Perfectly unreluctantly Rae Malgregor dropped the fluff of lace and ribbons into Zillah’s lap and reached out with cheerful voraciousness to annex the young man’s picture to her somewhat bleak possessions. “Oh, I don’t care a rap who he is,” she interrupted briskly. “But he’s sort of cute-looking, and I’ve got an empty frame at home just that odd size, and Mother’s crazy for a new picture to stick up over the kitchen mantelpiece. She gets so tired of seeing nothing but the faces of people she knows all about.”
Sharply Zillah Forsyth turned and stared up into the younger girl’s face, and found no guile to whet her stare against.
“Well of all the ridiculous—unmitigated greenhorns!” she began. “Well—is that all you wanted him for? Why, I supposed you wanted to write to him! Why, I supposed—”
For the first time an expression not altogether dollish darkened across Rae Malgregor’s garishly juvenile blondeness.
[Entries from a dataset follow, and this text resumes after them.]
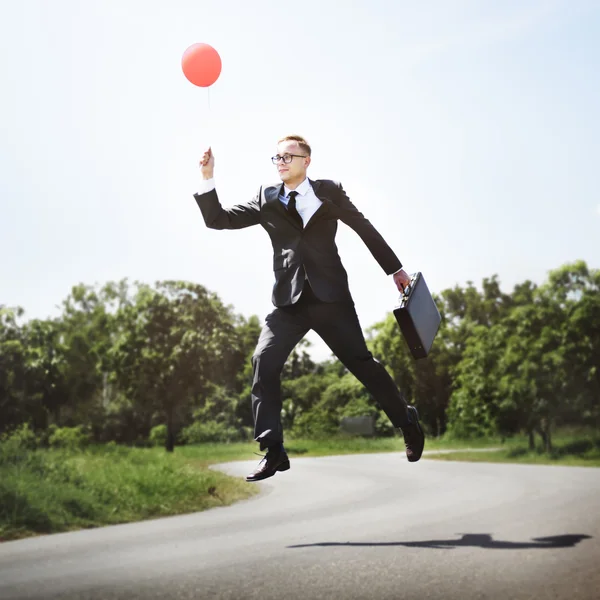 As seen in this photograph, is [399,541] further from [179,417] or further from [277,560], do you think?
[179,417]

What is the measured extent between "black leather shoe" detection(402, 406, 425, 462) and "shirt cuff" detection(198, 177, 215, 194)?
1630mm

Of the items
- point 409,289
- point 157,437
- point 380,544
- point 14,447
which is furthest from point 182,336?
point 380,544

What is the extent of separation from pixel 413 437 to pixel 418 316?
88 centimetres

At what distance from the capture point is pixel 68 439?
6397cm

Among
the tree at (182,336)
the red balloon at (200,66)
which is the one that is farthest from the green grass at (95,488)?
the red balloon at (200,66)

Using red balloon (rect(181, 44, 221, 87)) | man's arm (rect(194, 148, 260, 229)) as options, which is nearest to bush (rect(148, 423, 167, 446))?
man's arm (rect(194, 148, 260, 229))

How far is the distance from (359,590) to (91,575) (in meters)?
51.5

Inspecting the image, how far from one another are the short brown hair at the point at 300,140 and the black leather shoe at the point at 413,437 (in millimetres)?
1497

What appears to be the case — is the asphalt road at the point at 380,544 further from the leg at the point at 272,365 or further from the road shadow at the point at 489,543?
→ the leg at the point at 272,365

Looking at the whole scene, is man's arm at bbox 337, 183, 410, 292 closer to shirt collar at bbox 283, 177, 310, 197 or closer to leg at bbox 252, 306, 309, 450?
shirt collar at bbox 283, 177, 310, 197

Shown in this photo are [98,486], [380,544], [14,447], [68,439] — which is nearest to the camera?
[14,447]

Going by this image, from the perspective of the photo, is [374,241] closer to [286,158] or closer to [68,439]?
[286,158]

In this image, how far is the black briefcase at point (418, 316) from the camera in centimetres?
363

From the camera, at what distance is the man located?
409 cm
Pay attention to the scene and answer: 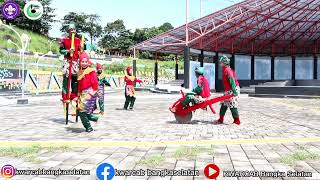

“Maybe I’m not quite as green as you think I am!” she flared up stormily. With this sharp flaring-up every single individual pulse in her body seemed to jerk itself suddenly into conscious activity again like the soft, plushy pound-pound-pound of a whole stocking-footed regiment of pain descending single file upon her for her hysterical undoing. “Maybe I’ve had a good deal more experience than you give me credit for!” she hastened excitedly to explain. “I tell you—I tell you I’ve been engaged!” she blurted forth with a bitter sort of triumph.
With a palpable flicker of interest Zillah Forsyth looked back across her shoulder. “Engaged? How many times?” she asked quite bluntly.
As though the whole monogamous groundwork of civilization was threatened by the question, Rae Malgregor’s hands went clutching at her breast. “Why, once!” she gasped. “Why, once!”
Convulsively Zillah Forsyth began to rock herself to and fro. “Oh Lordy!” she chuckled. “Oh Lordy, Lordy! Why I’ve been engaged four times just this past year!” In a sudden passion of fastidiousness she bent down over the particular photograph in her hand and snatching at a handkerchief began to rub diligently at a small smouch of dust in one corner of the cardboard. Something in the effort of rubbing seemed to jerk her small round chin into almost angular prominence. “And before I’m through,” she added, at least two notes below her usual alto tones, “And before I’m through—I’m going to get engaged to—every profession that there is on the surface of the globe!” Quite helplessly the thin paper skin of the photograph peeled off in company with the smouch of dust. “And when I marry,” she ejaculated fiercely, “and when I marry—I’m going to marry a man who will take me to every place that there is—on the surface of the globe! And after that—!”
“After what?” interrogated a brand new voice from the doorway.